● **WHAT NEEDS TO BE DONE**:
How many lines in the records below contain the word "Lightweight"? Reply with that number only.

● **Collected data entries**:
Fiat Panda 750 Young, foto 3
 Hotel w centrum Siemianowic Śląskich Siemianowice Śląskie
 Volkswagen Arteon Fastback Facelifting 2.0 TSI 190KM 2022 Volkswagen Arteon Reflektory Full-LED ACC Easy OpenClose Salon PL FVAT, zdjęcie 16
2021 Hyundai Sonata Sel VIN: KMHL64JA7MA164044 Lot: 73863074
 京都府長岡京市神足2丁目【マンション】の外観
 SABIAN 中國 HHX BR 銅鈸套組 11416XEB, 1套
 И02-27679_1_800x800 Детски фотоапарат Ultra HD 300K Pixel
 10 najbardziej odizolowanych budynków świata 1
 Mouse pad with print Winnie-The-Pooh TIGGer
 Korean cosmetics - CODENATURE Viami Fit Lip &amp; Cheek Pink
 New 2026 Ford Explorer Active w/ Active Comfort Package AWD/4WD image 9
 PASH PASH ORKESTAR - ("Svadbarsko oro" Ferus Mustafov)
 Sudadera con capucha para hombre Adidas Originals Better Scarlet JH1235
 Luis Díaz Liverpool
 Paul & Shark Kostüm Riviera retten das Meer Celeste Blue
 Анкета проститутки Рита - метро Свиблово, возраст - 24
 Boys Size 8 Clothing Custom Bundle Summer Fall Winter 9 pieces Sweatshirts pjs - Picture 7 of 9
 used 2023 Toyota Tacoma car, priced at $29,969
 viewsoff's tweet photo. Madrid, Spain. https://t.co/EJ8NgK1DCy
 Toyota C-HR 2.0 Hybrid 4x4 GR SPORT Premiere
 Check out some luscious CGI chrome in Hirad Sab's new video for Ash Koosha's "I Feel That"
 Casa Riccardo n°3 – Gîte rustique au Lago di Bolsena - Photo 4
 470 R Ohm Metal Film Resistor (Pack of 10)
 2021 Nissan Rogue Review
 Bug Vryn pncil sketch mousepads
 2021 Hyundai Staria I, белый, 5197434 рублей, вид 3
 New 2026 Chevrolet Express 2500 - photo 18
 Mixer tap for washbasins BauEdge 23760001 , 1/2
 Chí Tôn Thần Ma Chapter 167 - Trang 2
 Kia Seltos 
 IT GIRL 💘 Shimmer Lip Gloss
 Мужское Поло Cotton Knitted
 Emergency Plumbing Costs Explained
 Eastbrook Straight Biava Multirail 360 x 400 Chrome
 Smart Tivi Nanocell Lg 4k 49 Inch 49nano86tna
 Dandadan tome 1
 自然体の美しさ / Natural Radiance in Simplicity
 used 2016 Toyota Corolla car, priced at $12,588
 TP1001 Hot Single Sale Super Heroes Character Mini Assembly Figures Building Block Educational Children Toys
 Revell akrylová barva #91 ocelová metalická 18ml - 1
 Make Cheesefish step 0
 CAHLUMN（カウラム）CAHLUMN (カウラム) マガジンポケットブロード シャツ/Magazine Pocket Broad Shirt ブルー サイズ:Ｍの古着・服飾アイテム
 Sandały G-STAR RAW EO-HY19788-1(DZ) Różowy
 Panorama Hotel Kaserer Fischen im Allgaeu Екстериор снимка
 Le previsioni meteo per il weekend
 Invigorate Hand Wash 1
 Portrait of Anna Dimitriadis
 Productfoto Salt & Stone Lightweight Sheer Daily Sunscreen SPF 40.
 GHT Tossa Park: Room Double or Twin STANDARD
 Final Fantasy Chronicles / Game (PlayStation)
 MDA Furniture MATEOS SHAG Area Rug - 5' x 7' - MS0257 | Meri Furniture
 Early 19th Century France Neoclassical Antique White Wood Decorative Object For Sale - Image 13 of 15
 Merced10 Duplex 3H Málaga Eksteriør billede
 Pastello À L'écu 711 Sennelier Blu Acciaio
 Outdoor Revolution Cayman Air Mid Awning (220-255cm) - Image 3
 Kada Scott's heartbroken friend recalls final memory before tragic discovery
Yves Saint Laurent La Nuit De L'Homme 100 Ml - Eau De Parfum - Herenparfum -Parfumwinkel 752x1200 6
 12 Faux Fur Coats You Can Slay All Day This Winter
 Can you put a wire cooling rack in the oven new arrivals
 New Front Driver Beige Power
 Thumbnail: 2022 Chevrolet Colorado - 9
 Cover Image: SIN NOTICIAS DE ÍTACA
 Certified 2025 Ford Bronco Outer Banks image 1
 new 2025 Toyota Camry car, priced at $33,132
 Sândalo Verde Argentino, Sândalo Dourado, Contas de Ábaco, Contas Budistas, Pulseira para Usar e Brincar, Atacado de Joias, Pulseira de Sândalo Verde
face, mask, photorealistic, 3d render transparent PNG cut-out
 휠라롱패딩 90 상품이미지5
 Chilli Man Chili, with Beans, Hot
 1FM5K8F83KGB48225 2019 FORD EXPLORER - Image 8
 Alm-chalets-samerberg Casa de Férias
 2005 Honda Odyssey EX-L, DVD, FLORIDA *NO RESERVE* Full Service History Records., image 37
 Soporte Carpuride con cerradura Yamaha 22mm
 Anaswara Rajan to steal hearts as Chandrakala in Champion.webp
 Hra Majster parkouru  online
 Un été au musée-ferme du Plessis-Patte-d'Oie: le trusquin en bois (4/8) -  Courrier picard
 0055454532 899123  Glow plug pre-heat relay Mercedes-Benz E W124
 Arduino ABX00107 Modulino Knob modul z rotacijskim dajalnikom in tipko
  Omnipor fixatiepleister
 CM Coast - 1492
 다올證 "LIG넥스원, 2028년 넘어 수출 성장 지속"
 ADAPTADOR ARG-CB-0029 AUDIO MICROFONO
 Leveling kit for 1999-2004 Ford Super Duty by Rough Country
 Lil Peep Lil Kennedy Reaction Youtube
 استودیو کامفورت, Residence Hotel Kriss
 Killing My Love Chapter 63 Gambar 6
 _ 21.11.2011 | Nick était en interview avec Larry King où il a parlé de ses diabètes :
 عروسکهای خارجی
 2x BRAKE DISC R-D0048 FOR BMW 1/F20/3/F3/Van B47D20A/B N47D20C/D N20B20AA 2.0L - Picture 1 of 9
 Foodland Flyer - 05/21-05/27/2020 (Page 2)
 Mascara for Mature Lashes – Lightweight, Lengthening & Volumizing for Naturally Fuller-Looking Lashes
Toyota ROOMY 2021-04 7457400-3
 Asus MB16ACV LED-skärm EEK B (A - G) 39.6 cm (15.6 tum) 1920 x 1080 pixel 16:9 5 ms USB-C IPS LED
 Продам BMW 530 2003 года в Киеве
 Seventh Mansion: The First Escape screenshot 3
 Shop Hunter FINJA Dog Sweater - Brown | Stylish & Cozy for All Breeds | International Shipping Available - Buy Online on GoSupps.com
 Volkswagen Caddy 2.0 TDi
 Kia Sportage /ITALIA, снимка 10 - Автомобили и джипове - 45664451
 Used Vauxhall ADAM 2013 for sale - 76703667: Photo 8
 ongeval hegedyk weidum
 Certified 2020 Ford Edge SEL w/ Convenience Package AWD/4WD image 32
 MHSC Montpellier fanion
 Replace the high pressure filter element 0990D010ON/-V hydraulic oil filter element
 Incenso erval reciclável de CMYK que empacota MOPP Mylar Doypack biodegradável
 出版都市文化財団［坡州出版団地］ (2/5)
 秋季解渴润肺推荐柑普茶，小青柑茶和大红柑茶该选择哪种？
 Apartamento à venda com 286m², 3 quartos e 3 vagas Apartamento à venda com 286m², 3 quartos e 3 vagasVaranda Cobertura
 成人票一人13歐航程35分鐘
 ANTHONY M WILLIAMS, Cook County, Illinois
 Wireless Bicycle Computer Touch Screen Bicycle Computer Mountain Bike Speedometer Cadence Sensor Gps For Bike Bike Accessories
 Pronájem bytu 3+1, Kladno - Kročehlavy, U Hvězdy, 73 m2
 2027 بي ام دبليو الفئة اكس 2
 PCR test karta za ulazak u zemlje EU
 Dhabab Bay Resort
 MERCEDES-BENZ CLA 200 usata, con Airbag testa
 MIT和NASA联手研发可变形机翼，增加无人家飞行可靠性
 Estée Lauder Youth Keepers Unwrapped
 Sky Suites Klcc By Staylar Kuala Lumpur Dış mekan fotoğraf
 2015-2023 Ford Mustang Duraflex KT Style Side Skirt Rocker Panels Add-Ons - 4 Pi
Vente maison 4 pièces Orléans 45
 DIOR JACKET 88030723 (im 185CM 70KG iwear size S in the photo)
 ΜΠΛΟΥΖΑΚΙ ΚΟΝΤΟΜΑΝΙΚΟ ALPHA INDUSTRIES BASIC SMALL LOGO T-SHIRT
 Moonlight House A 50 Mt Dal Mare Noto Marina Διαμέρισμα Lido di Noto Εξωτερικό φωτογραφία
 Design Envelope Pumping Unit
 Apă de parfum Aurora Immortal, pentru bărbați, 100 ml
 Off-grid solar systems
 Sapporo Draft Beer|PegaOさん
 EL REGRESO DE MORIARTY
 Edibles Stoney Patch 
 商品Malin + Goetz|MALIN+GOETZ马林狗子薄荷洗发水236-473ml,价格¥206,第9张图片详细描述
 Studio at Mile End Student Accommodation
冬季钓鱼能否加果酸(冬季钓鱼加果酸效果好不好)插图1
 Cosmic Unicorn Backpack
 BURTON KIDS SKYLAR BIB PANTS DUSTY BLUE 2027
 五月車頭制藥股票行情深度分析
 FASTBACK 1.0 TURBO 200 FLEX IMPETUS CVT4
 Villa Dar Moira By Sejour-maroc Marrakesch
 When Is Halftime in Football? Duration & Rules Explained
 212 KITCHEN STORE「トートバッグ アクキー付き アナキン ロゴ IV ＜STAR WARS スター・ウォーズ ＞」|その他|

● **SOLUTION**:
2